Press
October 8, 2015
Aftenposten, Norway, interviews Yazbek

Aftenposten, Norway, interviews Yazbek

Interview conducted by Margrethe Zacho Haarde for Aftenposten, published on September 25.

Photo credit: Aftenposten

(….) Samar Yazbek has written her fifth book, a literary narrative, The Crossing. Yazbek writes about Syrian families who have been displaced from their homes and hiding in cold, dark caves; children with amputated limbs who sit in the sun and play. She describes people who have had fingers cut off, one soldier mutilated because he refuses to obey orders to rape. (…)

Yazbek consistently rejects all questions regarding her family, even when she is asked about how she envisions the future of her own daughter, who is in her early twenties (…) In The Guardian, in an interview conducted in 2012, they write that Yazbek rebelled against the conservative mindset regime when she was barely 16 years old. She ran away from home (…) With a dream of becoming a writer, she decided to make it on her own. Writing critically about her people and without shame portraying eroticism (…) was bad enough. But it became even worse when she was later branded a traitor after she joined the revolution. People stopped talking to her family. “I feel guilty because I have always caused trouble for my family. Therefore, I will speak as little as possible about it”. “Several claimed that my brothers were not real men, because they have not taken the life from me”. she told the British newspaper (…)

Yazbek is on a death list. Yet she chose to go: On her first trip back to Syria, she sneaks in from the border with Turkey (…). She did not go back to write, but to help women and children in the liberated North. On the other side of the wire fences, she was overwhelmed by the changes and atrocities that met her. There was no dawning freedom. She quickly decided to document the most of what she saw, although she at first did not dare to publish anything she wrote. “I dared not tell anyone that I was writing a book, for I was afraid of the consequences”. No one was let in for free reporting on what was happening. She took careful note of the names of everyone she met and contacted them afterwards to get the permission to use their stories. The fear still sits in her. “I do not want to live in exile, I would rather be at home in Syria. And when I went back the first time, it was because I really wanted to go home and help. It had nothing to do with courage and bravery, I was terrified absolutely all the time”. (…)

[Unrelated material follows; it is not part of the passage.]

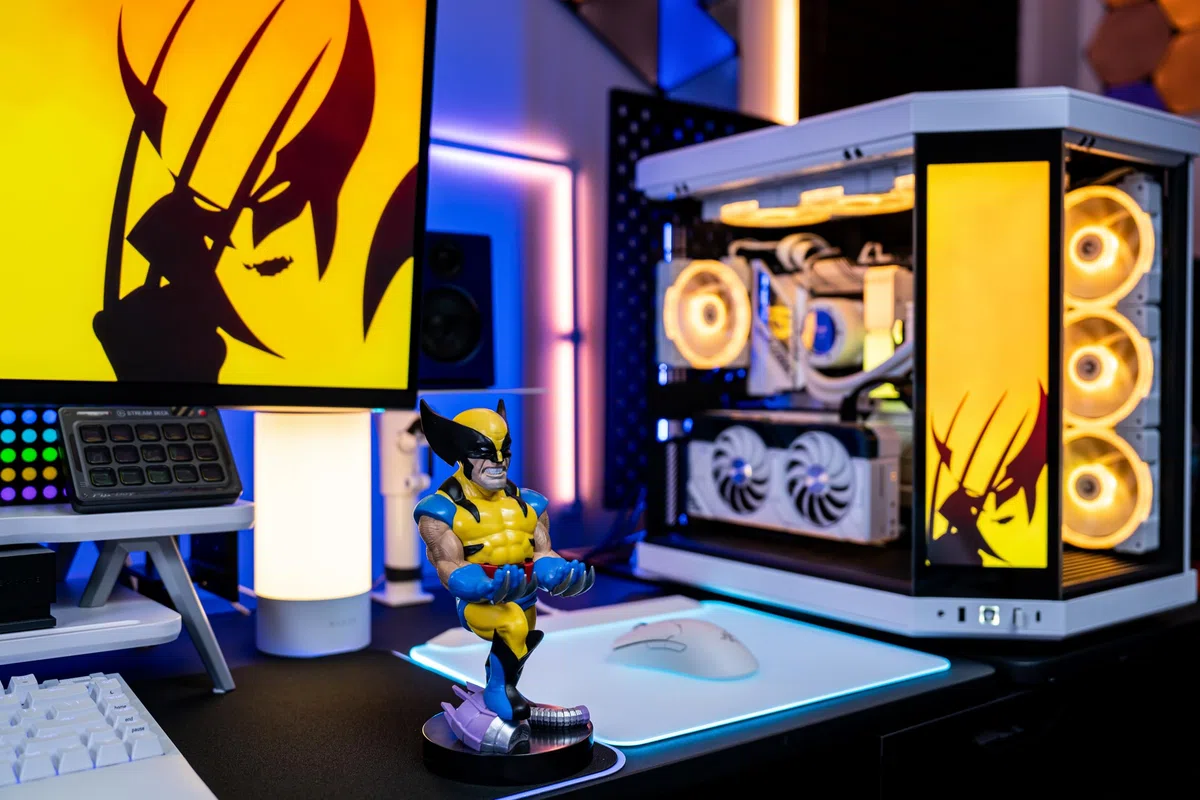 Cableguys Marvel Wolverine Soporte Mando y Movil - Figuras Soporte para movil y Mando, Compatible con Xbox, PlayStation y la mayoría de mandos estándar, Accesorios Escritorio para Setup Gaming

How do you perceive Europe’s handling of the refugee crisis? “I think it’s amazing to see how Europeans provide help where it is needed. Here, one can see the positive effects growing up in a democracy has on people! It is very interesting and great to experience.” What about the politicians’ handling of the crisis? “I fully understand that it is difficult, this is of course a terribly complex situation. I have seen with my own eyes how the whole world has turned away from what has been developing in Syria (…) Syrians would rather live in Syria. But as long as the world continues to turn their back on what is going on inside, the refugee flows will continue” (…)

She is not the same as she was before the revolution, she says. ” I know that some believe that one can write off their sorrow and pain. For me it was the opposite. It came back with a doubled strength. It got stuck inside me.” (…) What kind of relationship do you have to hope today compared to five years ago? “I’m still driven by hope, but have a little different view of it. I no longer believe in short term changes in Syria” (…)  “What is left of Syria now? A poor animal skinned alive, still breathing while everyone tries to claw its share out of it” (…)

The Crossing was published by Cappelen Damm in Norway in September 2015.